WHAT YOU WILL DO: Locate the line that contains "Women's Beard Yarn" in the entries below, then repeat it and every following line through the line that contains "Affiche Bateau à", exactly, and no others.

INPUT DATA:
* * * * *

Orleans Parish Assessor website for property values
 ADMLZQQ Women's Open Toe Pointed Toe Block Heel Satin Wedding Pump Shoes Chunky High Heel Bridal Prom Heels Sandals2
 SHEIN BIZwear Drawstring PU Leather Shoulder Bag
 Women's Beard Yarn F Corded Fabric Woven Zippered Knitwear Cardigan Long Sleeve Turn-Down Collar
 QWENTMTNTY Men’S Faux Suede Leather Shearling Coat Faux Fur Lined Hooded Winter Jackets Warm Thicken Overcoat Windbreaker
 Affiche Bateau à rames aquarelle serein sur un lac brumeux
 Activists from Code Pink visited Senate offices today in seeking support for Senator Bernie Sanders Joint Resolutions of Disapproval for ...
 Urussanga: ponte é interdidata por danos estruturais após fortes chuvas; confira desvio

* * * * *

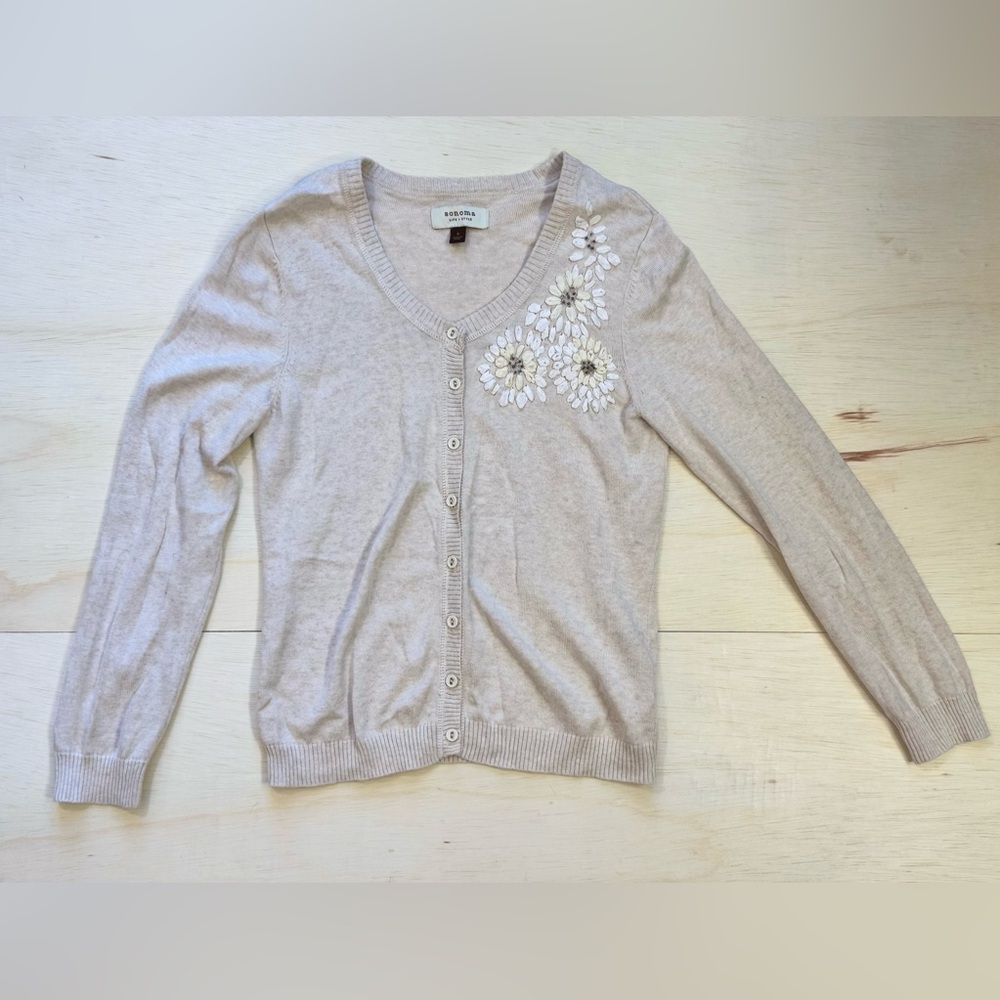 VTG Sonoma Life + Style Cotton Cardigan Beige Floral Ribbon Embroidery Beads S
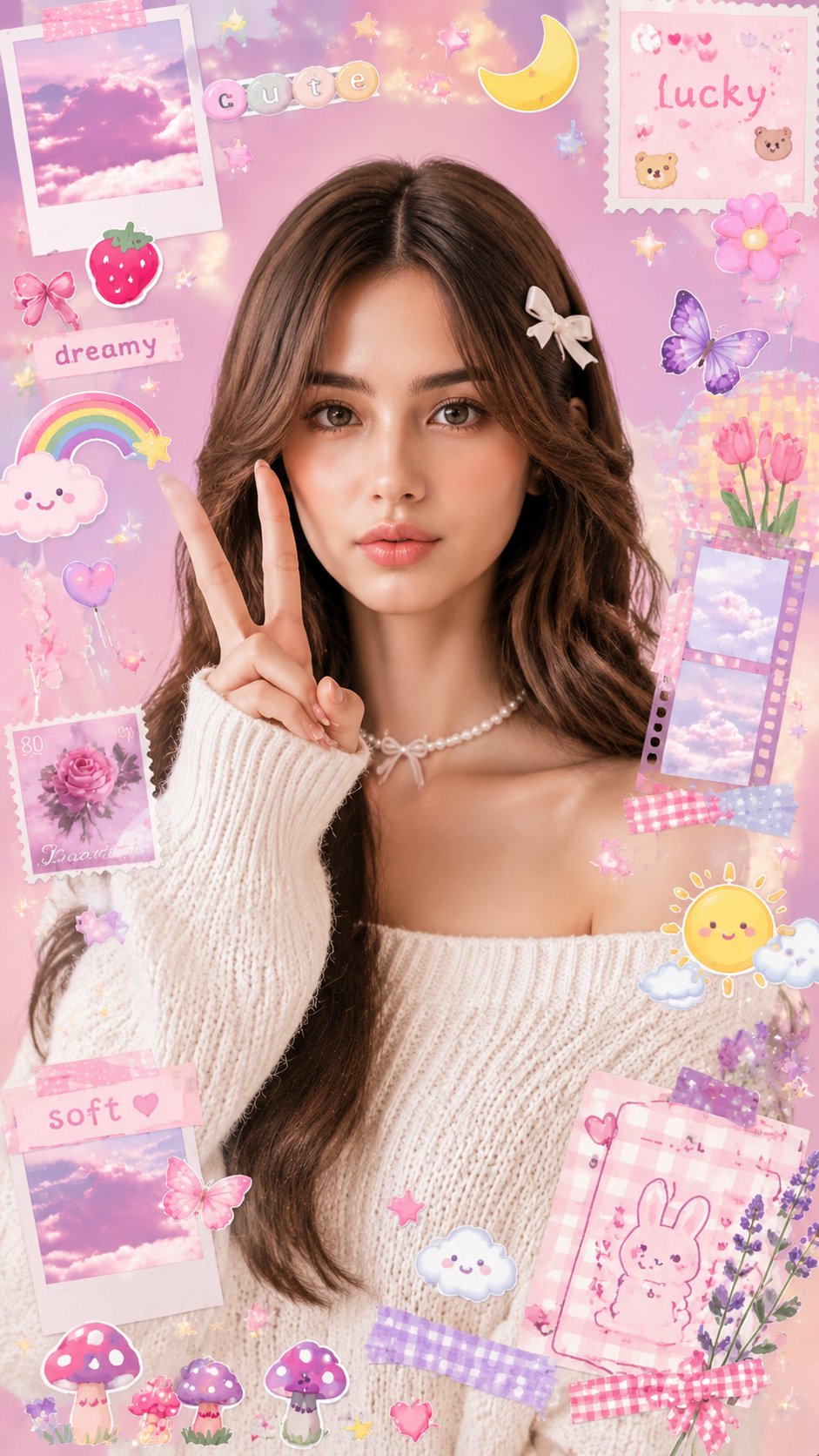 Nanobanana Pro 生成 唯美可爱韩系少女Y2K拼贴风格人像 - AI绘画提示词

* * * * *

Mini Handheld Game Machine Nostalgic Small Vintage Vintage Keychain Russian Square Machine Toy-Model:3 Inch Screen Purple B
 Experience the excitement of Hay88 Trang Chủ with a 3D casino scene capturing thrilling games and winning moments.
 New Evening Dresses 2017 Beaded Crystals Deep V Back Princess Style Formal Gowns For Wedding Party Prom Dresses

* * * * *

TASK SOLUTION:
 Women's Beard Yarn F Corded Fabric Woven Zippered Knitwear Cardigan Long Sleeve Turn-Down Collar
 QWENTMTNTY Men’S Faux Suede Leather Shearling Coat Faux Fur Lined Hooded Winter Jackets Warm Thicken Overcoat Windbreaker
 Affiche Bateau à rames aquarelle serein sur un lac brumeux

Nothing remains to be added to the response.